Monday, February 02, 2015

The drift away from stuff...

Even as wages remain sorta stagnant, Americans are enjoying a windfall from lower gasoline prices. But early evidence suggests it won't be going to buy more Things necessarily.
The couple, both 56 and from Emmaus, Pennsylvania, drive a lot so filling the tank didn’t leave much room for fun. Now they’re splurging after years of staycations, minor-league baseball games and free concerts. In October, they visited Disney World, their priciest vacation in ages. They’re also planning to renovate, meaning more trips to Home Depot Inc. “We’re finally starting to feel like we’re back in the middle class,” Cheryl Saul said.
Millions of Americans are benefiting from the collapse in gas prices, which Goldman Sachs Group Inc. equates to a tax cut worth as much as $125 billion. That’s potentially good news for a range of mass-market companies that have struggled while upscale establishments catering to wealthy Americans prospered. Family Dollar Stores Inc., Popeyes Louisiana Kitchen Inc. and McDonald’s Corp. all say they’re benefiting from lower gas prices or will in the second half.  [More]

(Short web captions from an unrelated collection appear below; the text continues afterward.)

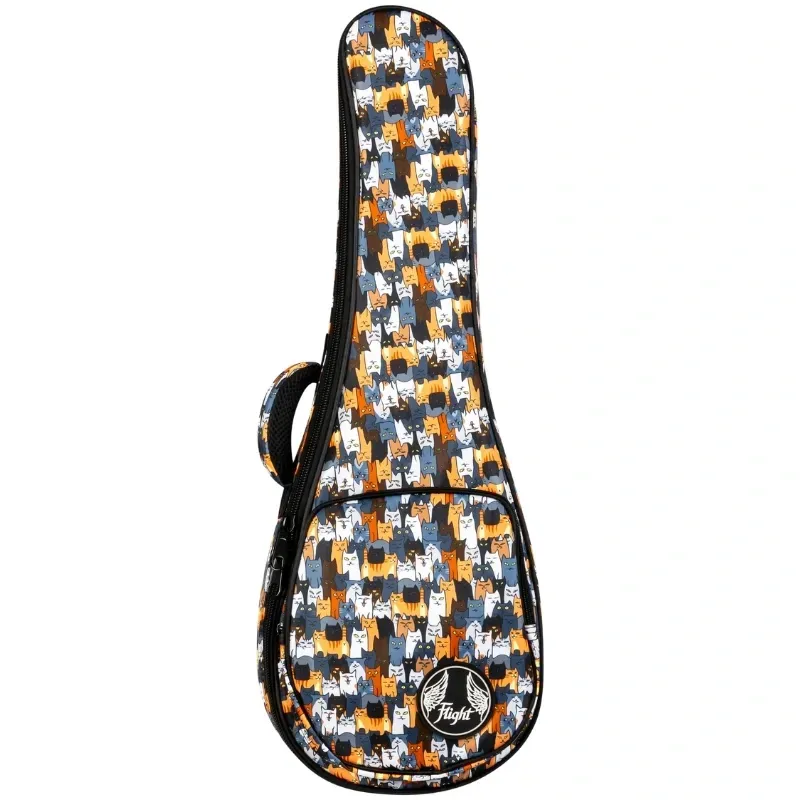 Flight FUB-S-CATS custodia ukulele soprano gatti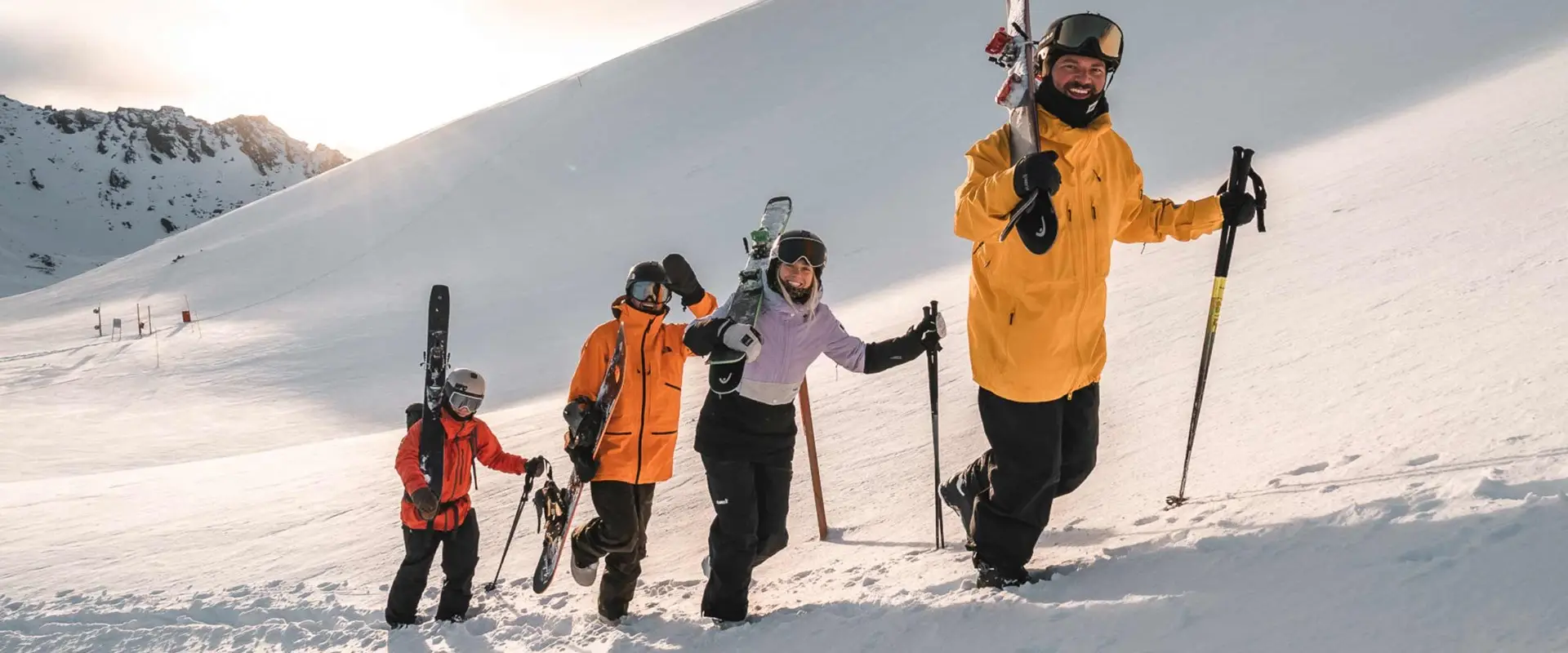 The Remarkables Ski Area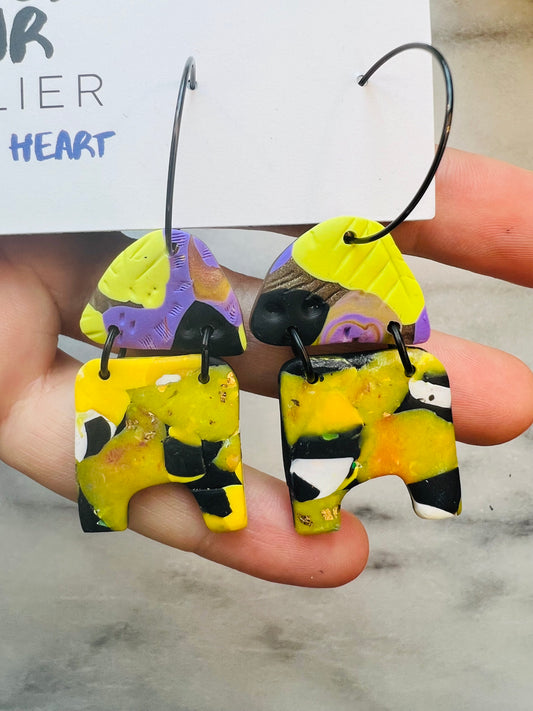 Dissonant Moons - Vivid Hoop Drops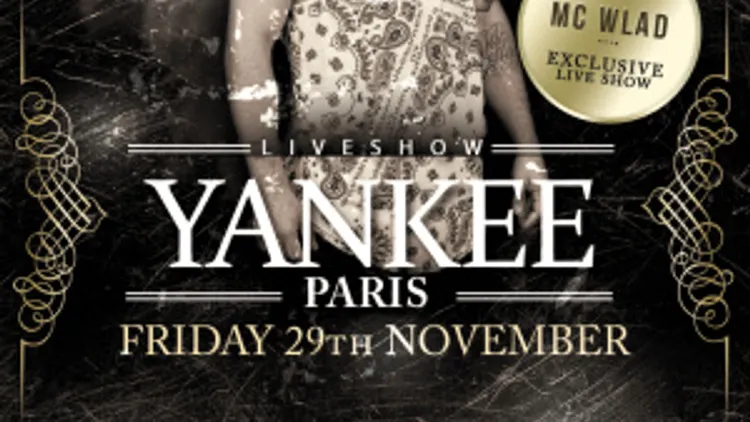 Yankee paris & Mc Wlad liveshow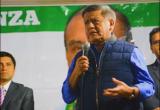 Respaldó a alcalde durante discurso. Foto: Trujillo en Línea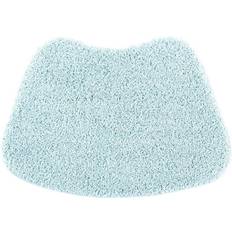 Kaleidoscope Buddy Bath Washable Curve Mat Blue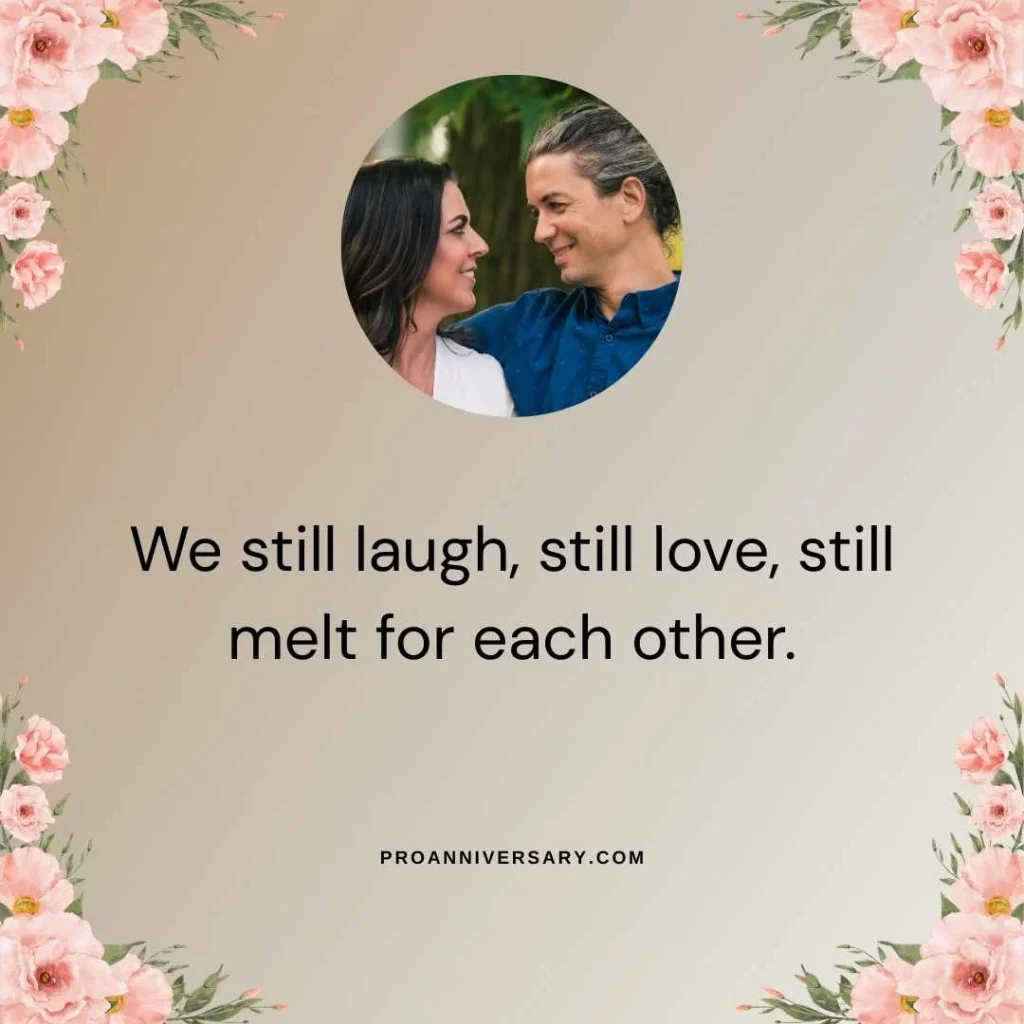 Cute 49th Anniversary Captions for Couples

Adding in my own anecdotal datum - Aaron reports Disney World is very busy right now - I wonder if the Great Recession has altered perhaps permanently the spending priorities, along with an aging population.
Yet for the vast majority, the shock of the Great Recession lingers — and that’s a good thing in terms of how most folks are managing their money. In a new survey from Fidelity, nearly half of respondents say even now they are saving more, reducing debt and building an emergency fund. 
A new survey from Principal Financial finds that the number of workers preparing for retirement is on the rise and that most workers who expect a tax refund plan to save or invest it, or pay down debt. Before the crisis, people commonly cited going on vacation and buying big ticket items as well.
Perhaps most telling, the Fidelity survey found that 78% of those who have taken steps to shore up their finances say the measures are part of a new and permanent personal financial strategy. “The sheer number of people who say the changes are permanent was probably most surprising,” says Ken Hevert, vice president of retirement products at Fidelity.People are moving from scared to prepared, Hevert says. When the financial crisis hit, 64% said they were scared and 45% said they were prepared; today, 45% say they are scared and 61% say they are prepared — a near perfect reversal. In general, those who feel prepared are the ones who have cut debt, increased savings and built an emergency fund. [More]
This feels about right, FWIW. And I think the breach of faith in the future felt by Boomers will be lasting, simply because of the characteristics of aging and attitude. We won't have enough time to get over this, so to speak.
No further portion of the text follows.